Перед прочтением тронной речи во дворце депутат K.X. Вольф устроил мне по этому поводу целую сцену, говоря, что “мы сошли с ума, что все это будет учтено в собрании делегаций”, и так далее в том же духе, – у него тоже создалась совершенно ложная связь между отказом от ввоза пошлины на продовольствие и Стокгольмом.
Ты совершенно прав, говоря, что Германия не должна касаться наших внутренних дел. Но ведь германцы же нисколько и не вмешивались в вопрос о ввозе продовольствия. Если же они опасаются антигерманского курса и поэтому в душе стоят за обложение ввоза продовольствия, то ведь мы сами несколько виноваты в этом. Все дело в том, что берлинцы страшно боятся измены.
У меня в горах есть парусная лодка, которая всегда немного тянет к штирборту, то есть, когда руль поставлен совершенно прямо, она все же невольно клонит немного вправо. Чтобы парализовать этот дефект, рулевой должен всегда забирать немного к бакборту – только при таком условии он может удержаться на прямом курсе. Он должен “идти против”. Так же сейчас ведет себя и ладья венского правительства. Она находится в постоянной зависимости от курса, принятого союзом.
Конечно, если предположить, что мы в силах осуществить крутой поворот, то мы можем двинуться и по течению Антанты; но в таком случае надо иметь смелость провести этот поворот с полной решимостью. Нет ничего глупее этого кокетничания с изменой, которой мы в действительности не допустим; мы теряем всякую почву в Берлине и ничего не выигрываем ни в Лондоне, ни в Париже. Но к чему я тебе пишу это? Ведь ты придерживаешься моего взгляда, и тебя мне обращать в эту веру не приходится.
А о Стокгольме мы еще поговорим.
Твой верный старый друг Чернин».
В данном случае Тисса был фактически обращен и не делал больше никаких возражений относительно венгерских социал-демократов. Отрицательные результаты Стокгольмской конференции общеизвестны.
Как уже было указано выше, пока еще невозможно подробно рассмотреть все различные попытки заключить мир и все переговоры по этому поводу. Помимо вышеупомянутых переговоров между Ревертерой и Арман были протянуты еще и другие щупальцы – в виде, например, состоявшихся несколько позднее переговоров между послом Менсдорфом и генералом Смутсом; переговоров, обсуждавшихся впоследствии в английском парламенте. Мне кажется неуместным останавливаться на них сейчас. Но я могу и хочу передать ход мыслей, лежавший в основе попыток заключить мир летом 1917 года и в конечном счете погубивший их все.

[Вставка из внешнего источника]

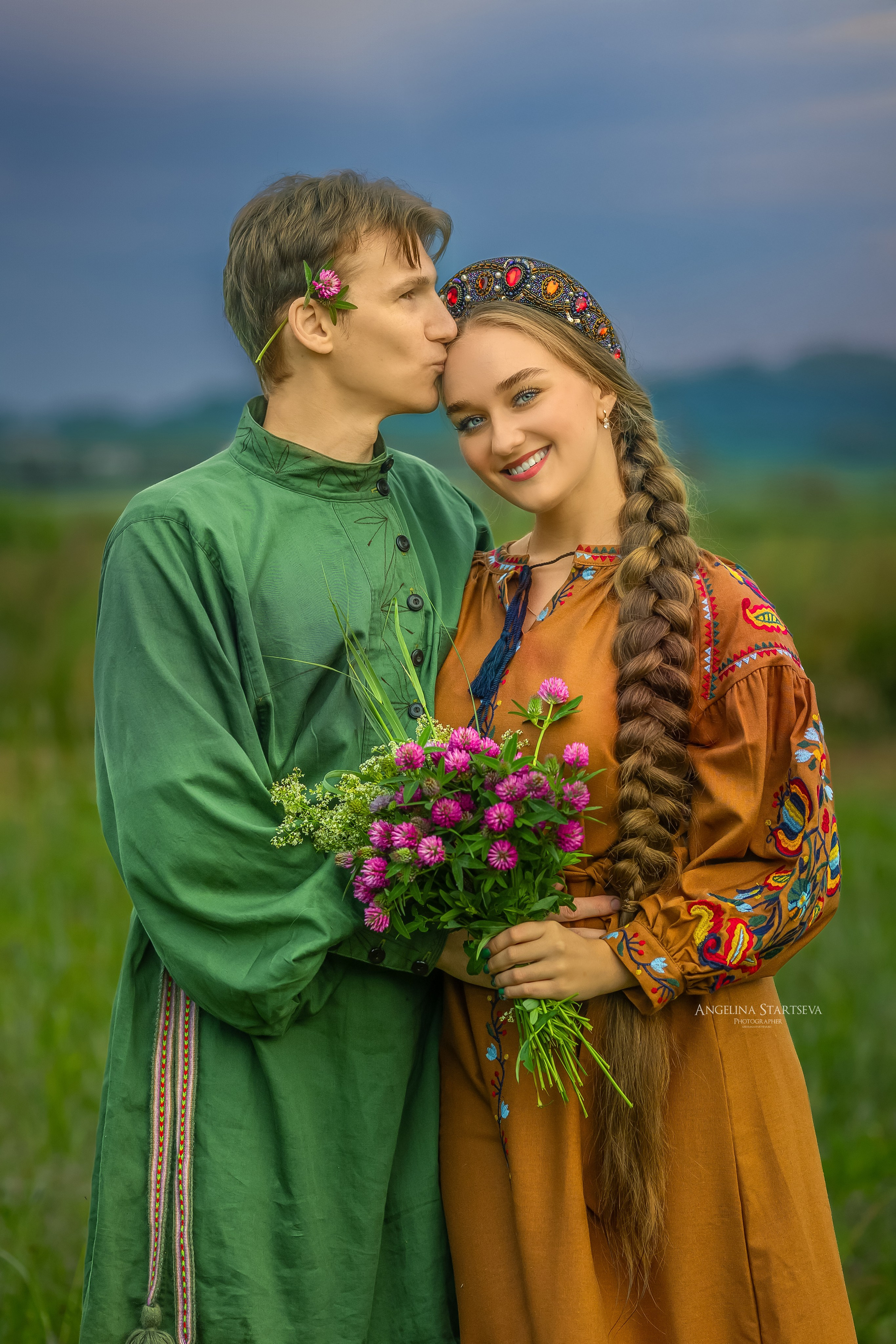 русская пара в русских нарядах, фотограф Ангелина Старцева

Вышеприведенные последние отчеты передавали взгляды Антанты с полной точностью: с Германией «пока» говорить невозможно. Франция настаивает на возвращении Эльзас-Лотарингии, и вся Антанта требует полного устранения германского милитаризма. Но Германия не «созрела» до выполнения этого требования и поэтому, по мнению Антанты, переговоры бесцельны. Что касается нас, то дело обстоит иначе. Получилось впечатление, что мы могли бы заключить сепаратный мир, причем подразумевалось, что мы готовы на жертвы. Лондонские постановления якобы выяснили положение раз навсегда, и оно теперь уже не подлежит изменению. Уступки в пользу Румынии, затем уступки Триеста и немецкого Южного Тироля – Италии, как и дальнейшие жертвы югославянскому государству, теперь неизбежны. Также неизбежно и полное преобразование двуединой монархии на началах федерализма.